川崎老人ホーム転落死事件 初公判で無罪主張

18/1/23(火)13:10

2014年川崎市の老人ホームで入居者3人をベランダから転落させ殺害したとして、殺人の罪に問われている元職員の男の裁判員裁判が横浜地裁で始まり、男は無罪を主張しました。

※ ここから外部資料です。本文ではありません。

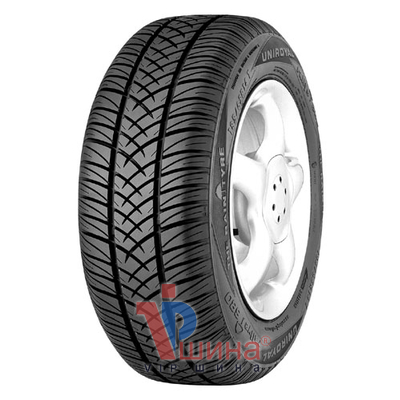 Uniroyal Rallye 680 175/80 R14 88T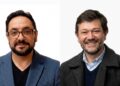 INCAR² participará en ELBA 2026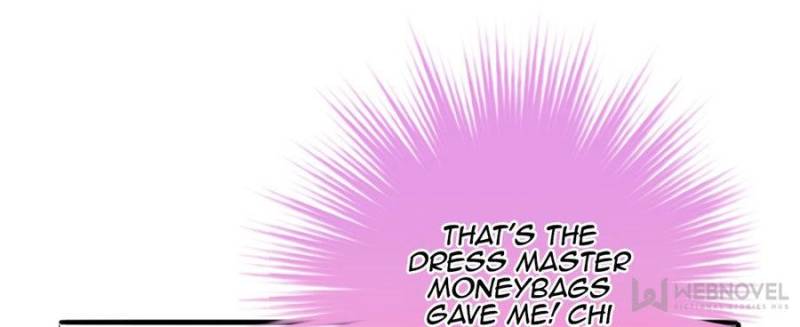 Page 50 of Chapter 46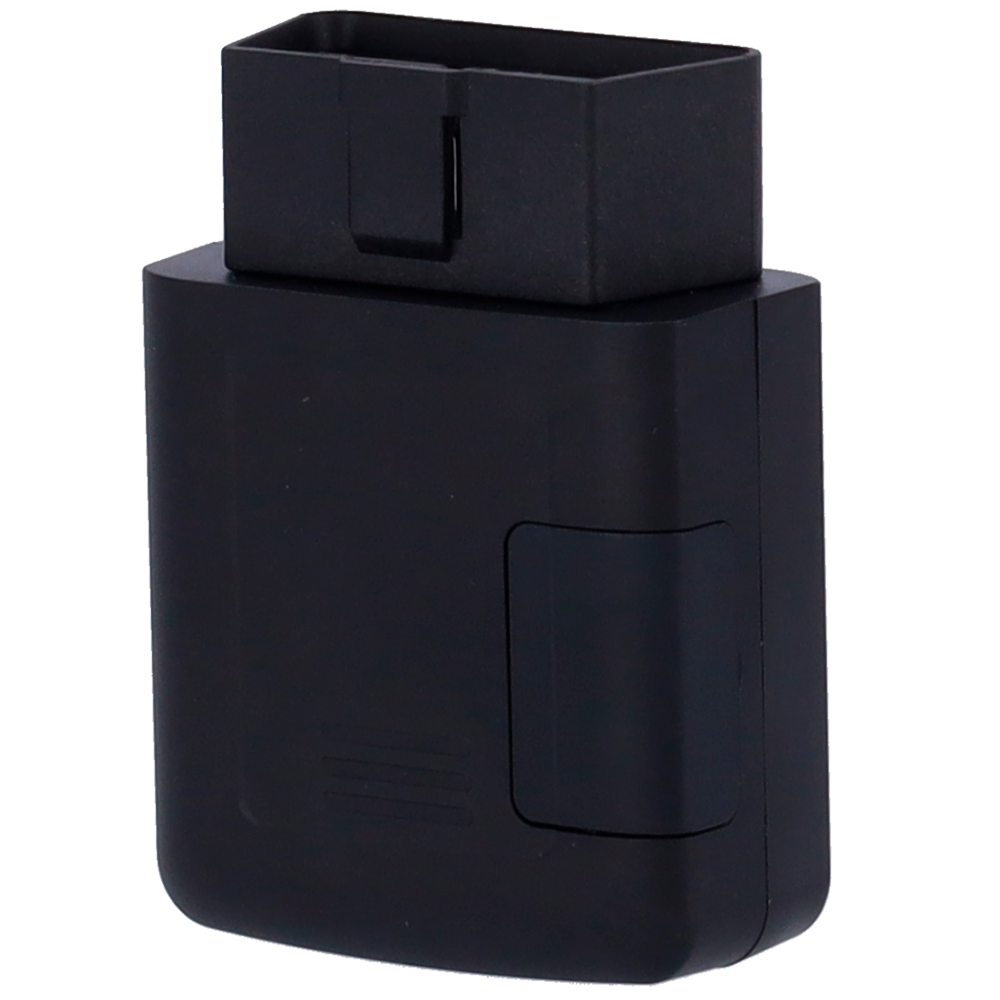 Queclink Localizador OBDII LTE Cat M1/NB1 QL-GV500MAP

横浜地裁には23日朝、傍聴券を求める列ができ、注目度の高さがうかがえました。 この裁判は2014年11月から12月にかけて、川崎市幸区の老人ホーム「Sアミーユ川崎幸町」で、入居者の男女3人をベランダから転落させ殺害したとして、元職員の今井隼人被告が殺人の罪に問われているものです。 今井被告は、逮捕前の県警の任意の調べや逮捕直後は3人の殺害を認めていましたが、その後黙秘に転じていました。 午前10時から始まった初公判の冒頭で今井被告は「私はいずれも何もやっていません」とはっきりとした口調で起訴された内容を否認しました。 さらに「記憶があるということか」と質問されると、「犯行時刻に施設内にいた記憶はありますが、何もしていません」と繰り返しました。 検察側は「3人共通の夜勤担当は今井被告だけで、今井被告は同僚に被害者が転落死することを予言するような発言をしていた」と指摘しました。 一方で弁護側は「県警の任意の取調べでは圧力を受け続け、うその自白をしてしまった」などと無罪を主張しました。 今回の裁判の主な争点は、今井被告がおこなった自白が信用できるかどうかです。 今井被告は無罪を主張していますが、検察側は厳しい刑を求めると予想されます。 裁判は3月始めにすべての審理を終えて、その後判決が言い渡される予定です。